Assumption of risk may be an important factor in the recovery of damages in Washington injury cases. Here’s how it can affect your rights:

  • Limits Recovery: If it can be determined in court that you knew the risks involved in your actions, you might find yourself locked out of recovery.
  • Deber de cuidado: Based on the nature of the assumption of risk, the duty of care may be reduced or negated by the defendant.
  • Exceptions Matter: Even in cases where the doctrine of assumption of risk is applicable, exceptions such as recklessness, hidden hazards, or inadequate consent can lead to recovery by plaintiffs.

At Russell & Hill, PLLC, I work with clients to handle these complexities in order to ensure they fully comprehend their legal recourse and possible compensation.

Need Help With Assumption of Risk? Talk to Russell & Hill!

Assumption of risk may impact your ability to collect compensation, but it is not absolute. The exceptions here are reckless conduct, concealment of danger, and lack of informed consent.

This is the time when a person needs to be well-informed about their rights in case they have been harmed. At Russell & Hill, Injury & Accident Attorneys, we help our clients throughout Washington, as well as in Spokane, Everett, Vancouver, Marysville, y  Valle de Spokane, protect themselves against such allegations.

Please call us for a consulta gratuita Hoy a las (800) 529-0842. We’re here to address your questions. We’re also here to help guide you through the process, regardless of the city that you are in.

Got Questions About Assumption of Risk? We’ve Got Answers!

Is assumption of risk a complete defense?

Assumption of risk may also reduce and/or prevent recovery, although it is not necessarily exhaustive. Known, voluntary, and inherent risk would be applicable in this scenario.

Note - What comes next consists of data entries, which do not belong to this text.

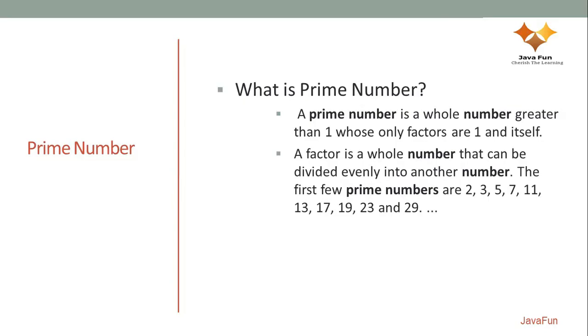If I take an example of 4, I can divide 4 by 2 and I get remainder as 0. So 4 is not really a prime number.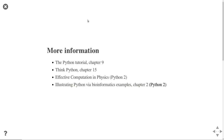For further reading on Python classes, the Python tutorial available online has an entire chapter 9 dedicated to classes. There's also the Think Python book, available for free, covering this in chapter 15. The book Effective Computation in Physics is in Python 2 but is a really nice recommendation, and there's a PDF by Hans Petter on Illustrating Python by Informatics Example where chapter 2 also covers classes.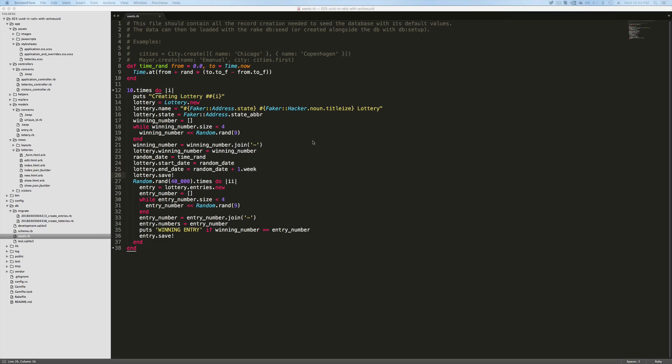And here, I'm looping through the lottery 10 times. Each lottery will have up to 40,000 entries. So what's happening here is I'm creating the lottery and then once I populate all the data, I'm saving it.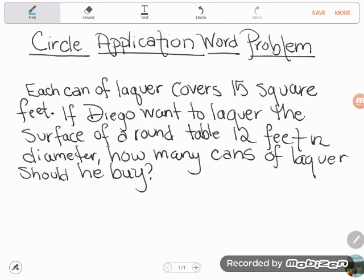Hey, GED students. I had a student on YouTube, Icy Pupils, send me in this word problem. So let's take a look. It says: each can of lacquer covers 15 square feet. If Diego wants to lacquer the surface of a round table 12 feet in diameter, how many cans of lacquer should he buy?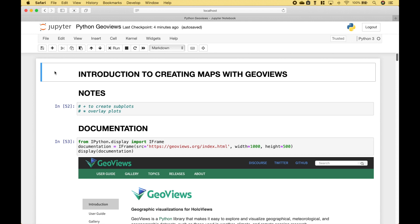Welcome back! In this Python tutorial, we're going to go over how you can get started in creating maps with the GeoViews library.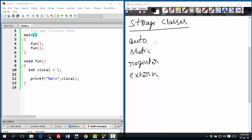Hello, in this video I would like to explain how to use these four storage classes in C language.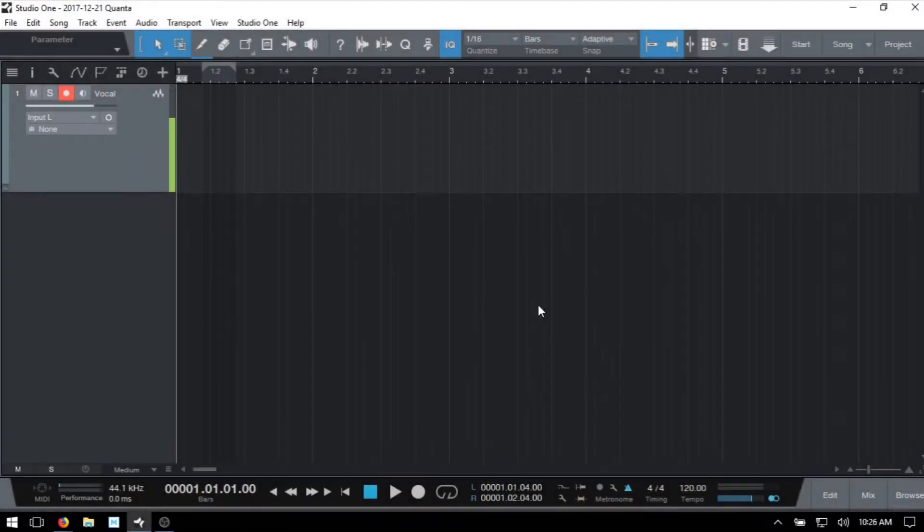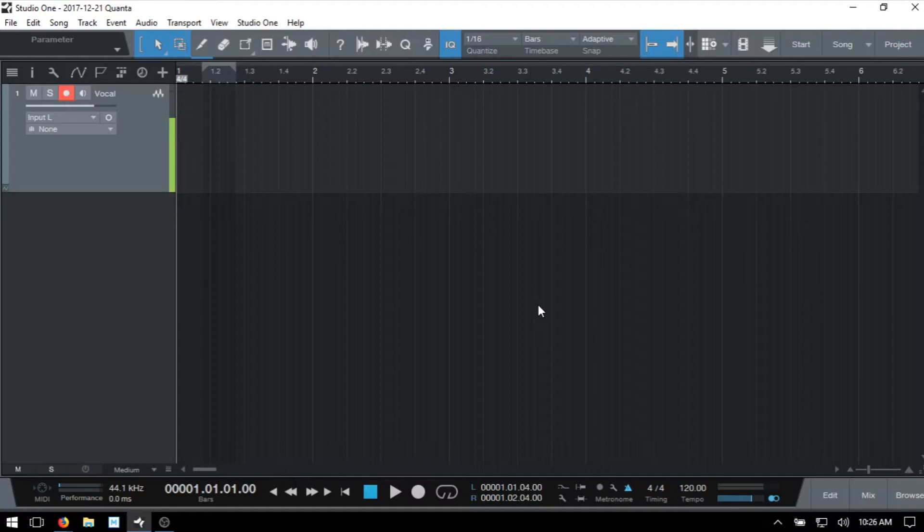Studio One's Auto Punch feature. If you ever have a situation where you've recorded a vocal or say a bass part and there's just one section that is not quite right and you'd like to redo it without having to redo the whole passage, you do have this option available within Studio One. In order to do this,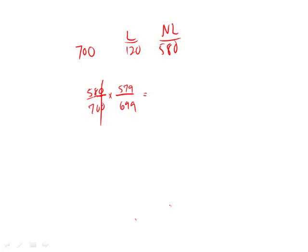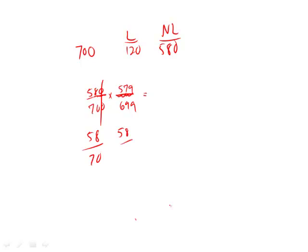So right away, we get rid of the two zeros. And look at all this ugliness going on here. Isn't that ugly 579? Who cares? It's basically 580. Let's make it 580. But because we got rid of the zeros on the first column here, we're going to get rid of those zeros here. And we're just going to make it 58 over 70 times 58 over 70. It's basically the same thing.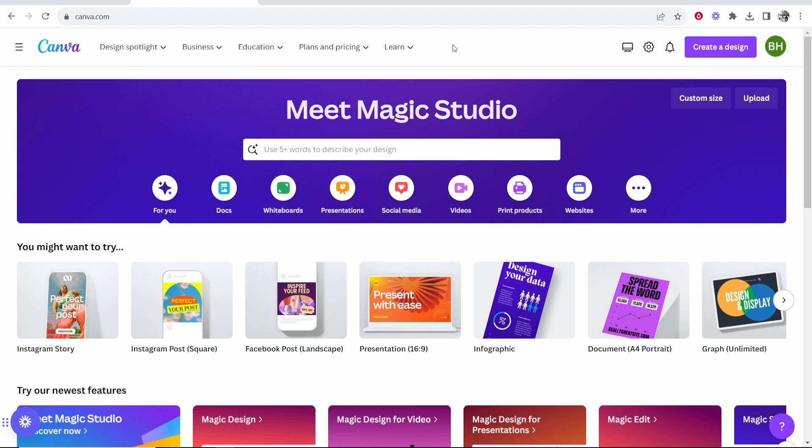In this video I'm going to show you how you can start your Canva Pro free trial. I'm going to sign up for the free trial with you live on video and show you how to do it.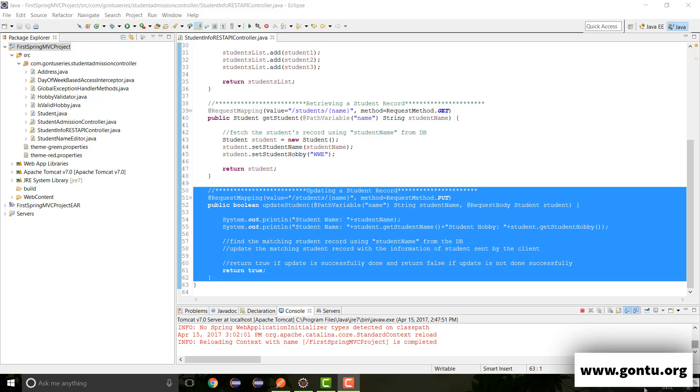My name is Ankush Kaurav and I welcome you to CON2 series.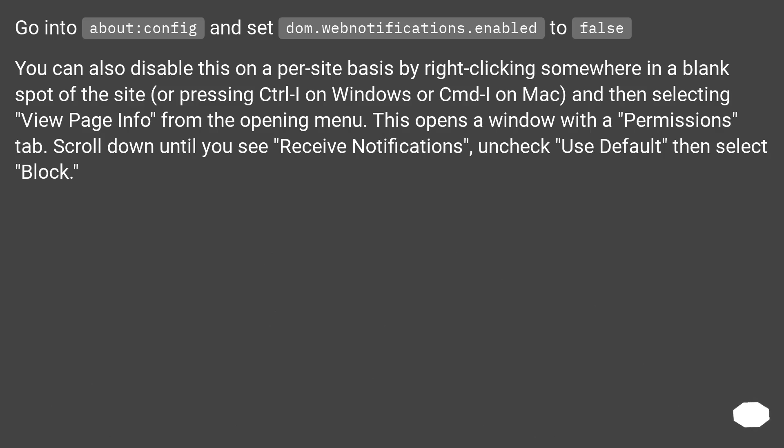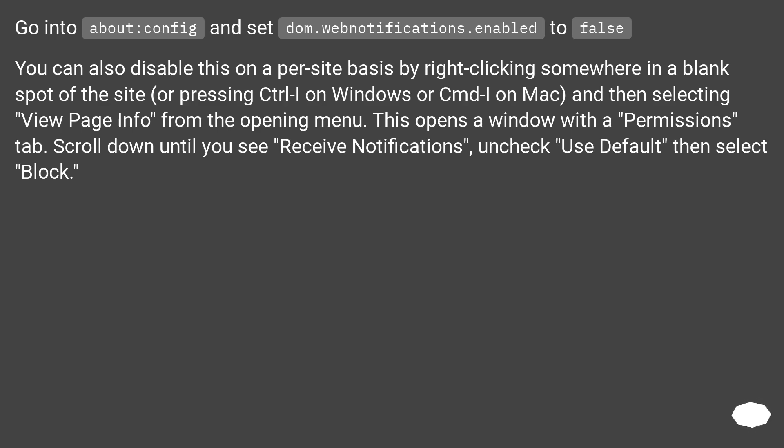You can also disable this on a per site basis by right clicking somewhere in a blank spot of the site, or pressing Ctrl I on Windows or CMD I on Mac, and then selecting View page info from the opening menu. This opens a window with a permissions tab. Scroll down until you see receive notifications, uncheck Use Default, then select Block.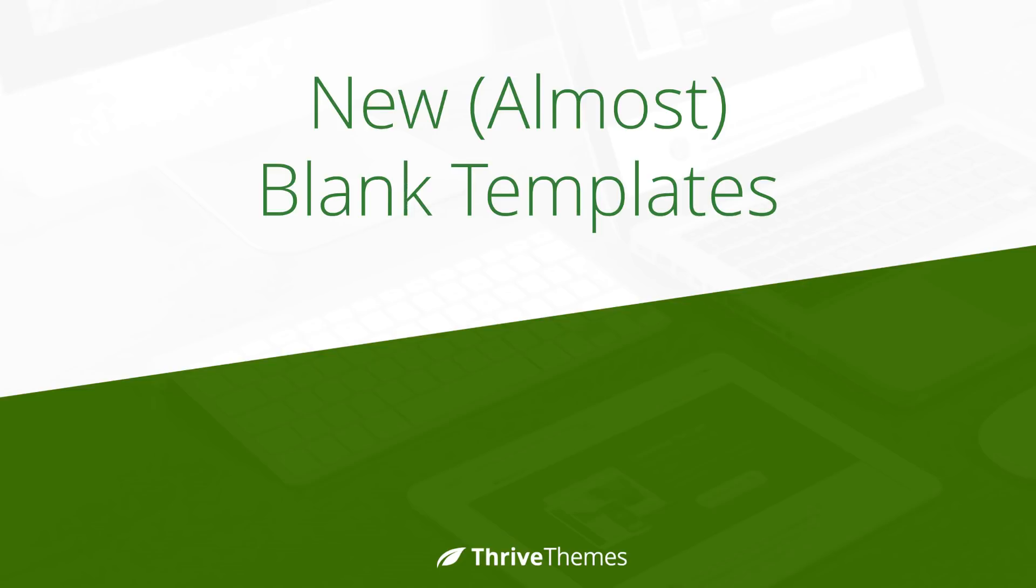We have added two new almost blank templates to the Thrive Architect WordPress plugin. Maybe you're wondering, why would you have more than one blank page if it's blank? Let's take a look at what these pages look like and why we created them the way they are.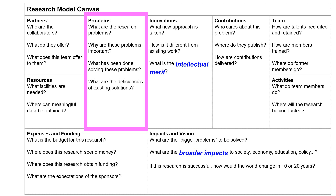The third common mistake is treating the deficiencies of existing solutions as the problem. Some students say the research problem is that existing solutions are too slow — this is not a research problem. Imagine you are hungry and want to eat. The problem is that you are hungry. Going to your favorite restaurant is a possible solution, but if the restaurant is closed for renovation, the problem is not that the restaurant is closed — the problem is that you want to eat. If you distinguish these two, you can find a different solution, like going to another restaurant or cooking at home.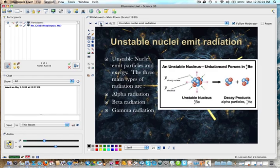An unstable nucleus emits particles and energy. The three types are alpha radiation, beta, and gamma radiation. Here you see a nucleus where it has unbalanced forces and it's emitting alpha particles, which are helium nuclei. This would therefore be alpha radiation or alpha decay.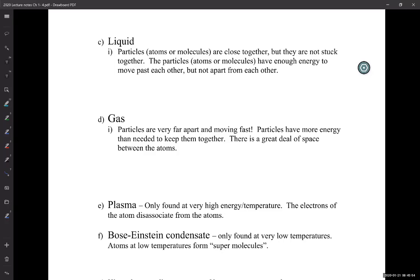Liquids: particles are close together but not stuck, and they have enough energy to move around each other. Gases have a lot of space between the molecules and are not strongly attracted to each other.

A more dangerous or covert risk would enable recovery on this defence.

What are the three types of assumptions of risk?

There are three principal types: “Primary, where the risk is inherent; Secondary, where the risk is knowingly assumed although a duty of care is involved; and Express or Implied, where the risk is assumed in words, in writing, or by conduct.”

What are the 4 criteria for negligence?

Negligence also requires four essential elements to find a person responsible for the injury:

  1. A duty of care owed to the injured person
  2. A breach of that duty
  3. Causation between the breach and the harm
  4. Actual damages incurred

All must prove for a valid claim.

Can the assumption of risk apply to minors or children?

In a general manner, minors are less likely than adults to be deemed as fully responsible for the assumption of risk based on their possible lack of understanding regarding such risk. In evaluating the application of the assumption of risk, the court is quite particular about minors’ knowledge and age.

Does the assumption of risk apply to spectators at sports or recreational events?

Yes, sometimes the audience may also be held to assume risks, particularly where the audience is well aware of the area where the accident might happen. But the courts take into consideration the nature of the risk involved.

Can the assumption of risk be waived in every type of activity?

Not all activities permit a full waiver. Some cases in which a court might be unwilling to enforce a waiver are those involving reckless, intentional, or illegal conduct, or those involving minors. Waivers require a showing of being clearly, voluntarily, and explicitly made.

Acerca del autor
Matthew-Russell
Matthew Russell
Matthew Russell es socio fundador de Russell & Hill, PLLC, y ejerce la abogacía de lesiones personales 100%. Está admitido en el Colegio de Abogados de Washington (2001) y en el de Oregón (2014). Obtuvo su doctorado en Derecho en la Facultad de Derecho de la Universidad de Hamline y su licenciatura en la Universidad de Clemson. Matthew es miembro del Colegio de Abogados del Estado de Washington y del Colegio de Abogados del Estado de Oregón. Contáctenos en LinkedIn.